Petitioners Harald T. Giesinger and Ingrid Giesinger were residents of Bethesda, Md., at the time their petition was filed in this case. They filed their joint Federal income tax return for 1970 with the District Director in Baltimore, Md.
Petitioner, during the year in issue, was chairman of the board and chief operating officer of Restaurant Corp. of America, Inc., (RCA). On April 18, 1966, RCA leased certain commercial space from Watergate Improvement Associates within the development known as Watergate.
The Watergate project is located in an area bounded by Virginia Avenue, New Hampshire Avenue, F Street, and the Potomac River Parkway, N.W., in the District of Columbia. Within this complex are located three apartment buildings, two office buildings, a hotel as well as shops and restaurants. Watergate was designed as a single project and was approved by the Board of Zoning Adjustments as a planned unit development. Each of the edifices within the Watergate project is physically connected on the lower three levels, B-l, B-2, and B-3, which are devoted to parking and shops. There are no public streets or roads within the Watergate project, but automobiles can drive between each of the buildings by virtue of the interconnecting underground levels.
Watergate was constructed in four phases, beginning in 1965. The primary structure constructed in phase one was the Watergate East Apartment Building. The following areas were leased by RCA in Watergate East:
(1) On level B-l, a portion of the Watergate Terrace where the main restaurant and related facilities were constructed. A substantial portion of the Watergate Terrace is adjacent to and underneath the Watergate Hotel which was constructed as a part of phase two.
(2) The pastry shop located on level B-2.

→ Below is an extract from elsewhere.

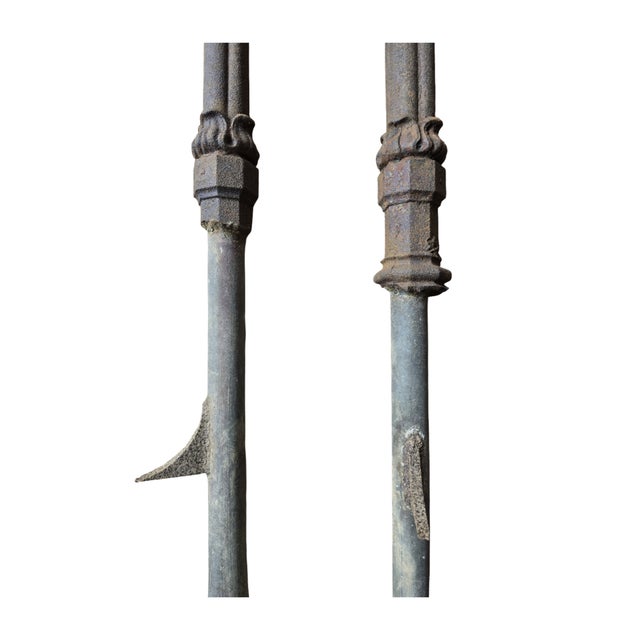 Metal Pair of Antique Cast Iron Hitching Posts For Sale - Image 7 of 7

(3) On level B-2 the mall cafe and its small accompanying kitchen.
(4) On level B-2 the poolside snack bar (Wine Barrel) with a small kitchen, lounge, and dining room.
All of these areas were fully operational during the year in issue. In addition to the exclusive right to operate restaurants and cocktail lounges in the Watergate project, RCA was obligated to “provide catering services and room service for the entire Watergate project.” The hotel guests and owners of all of the cooperative apartments within the Watergate project could sign checks as though the restaurant were an adjunct to the hotel and apartments. RCA engaged waiters assigned solely to room service, and printed menus for room service were placed in each hotel room. There were approximately 140 employees of RCA during the fiscal year ending August 28,1970.

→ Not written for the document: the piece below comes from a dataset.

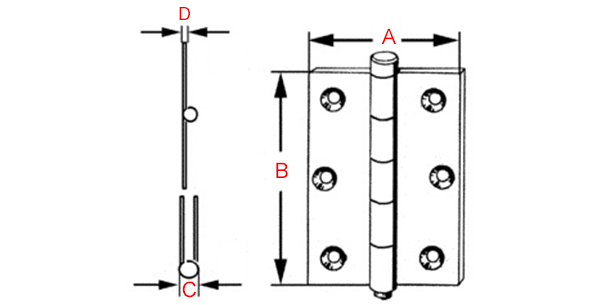 Cotes charniere laiton axe acier inoxydable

On May 25, 1967, about 2 months prior to the opening of the restaurant to the public on July 21, 1967, RCA’s board of directors passed the following resolution:
It was felt that after the Restaurant is in operation, at least one person representing the Board of Directors should live within the Watergate Complex, to insure a close contact with the operation, should an emergency situation arise.

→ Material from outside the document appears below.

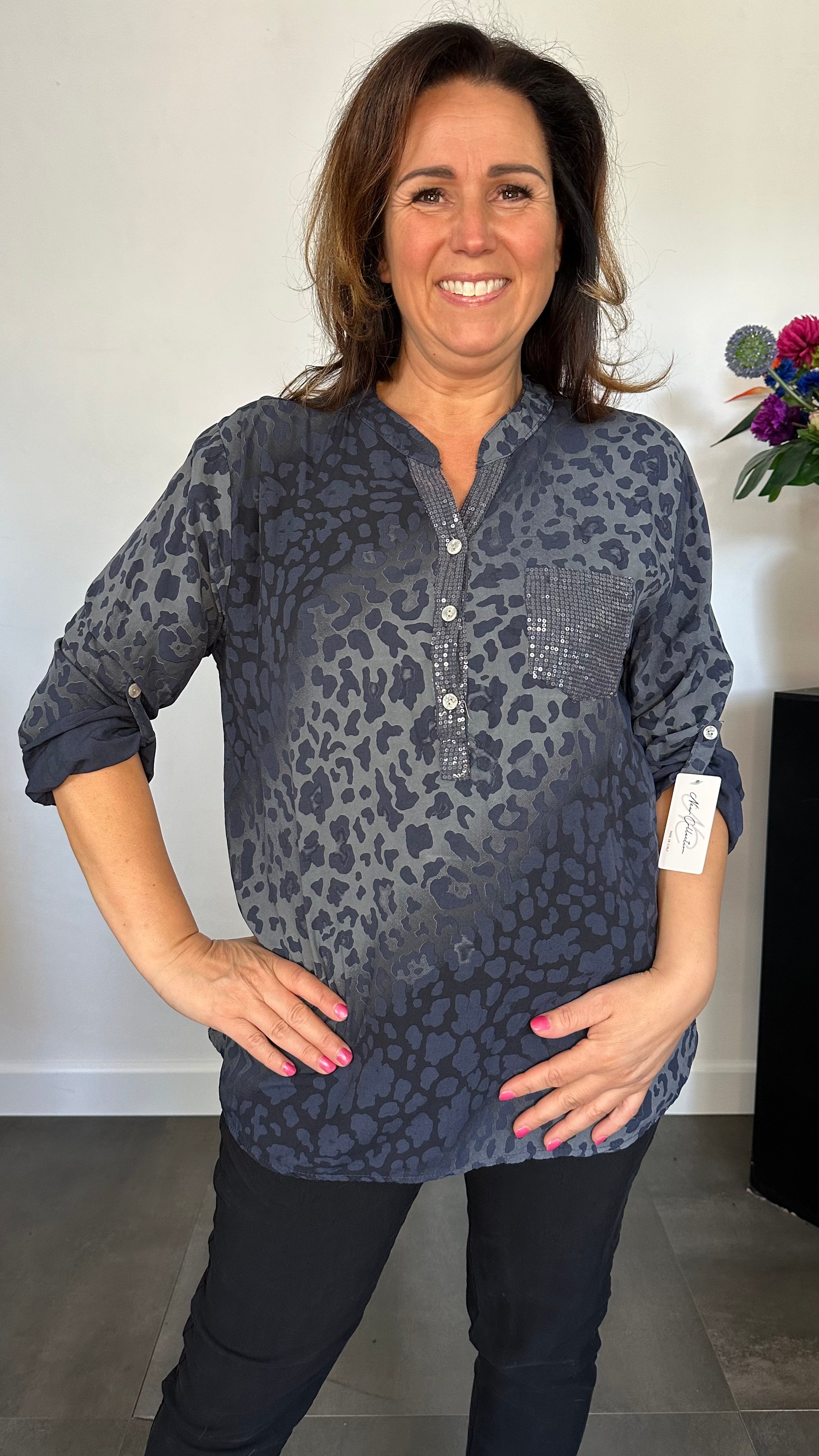 Blouse panter bling marine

The Board of Directors therefore authorized the payment of the rent for one apartment in the Watergate Complex.
Pursuant to the resolution, RCA leased apartment 402S in Watergate East for a period beginning September 1, 1967, and provided such apartment as lodging to petitioner.
As chief operating officer of RCA, petitioner had responsibility for the adaptation, planning, designing, and supervising of construction in the leased commercial space, and the equipping of the pastry shop, kitchen, lounge, cafe, and restaurant. Petitioner also engaged the needed personnel and had responsibility for the actual operations of RCA within the Watergate project.
The typical working day of petitioner during 1970 began at 7 a.m. and ended as late as 10 p.m. Petitioner’s work was supervisory in nature and he attended to the operations of RCA within the complex whenever his services were needed. In addition to his daytime activities, petitioner was frequently called upon to deal with a variety of emergencies and problems arising late at night or early in the morning.
It was the sole responsibility of petitioner at all hours of the day and night, to undertake the necessary corrective actions whenever difficulties arose involving hotel room service or catering within the Watergate project, because under the provisions of the leases the owners of the Watergate Hotel, the landlord of RCA, or the owners of the cooperatives within the Watergate project were without any authority or power even to attempt to resolve any breakdowns in the operations of RCA.
When the petitioner was out of the country on the business of RCA from December 31, 1969, to January 10, 1970, and from May 10, 1970, until July 9, 1970, he delegated some of his responsibilities to an employee of RCA who had worked with him for 15 years and who during the periods of petitioner’s absence lodged in apartment 402S of Watergate East.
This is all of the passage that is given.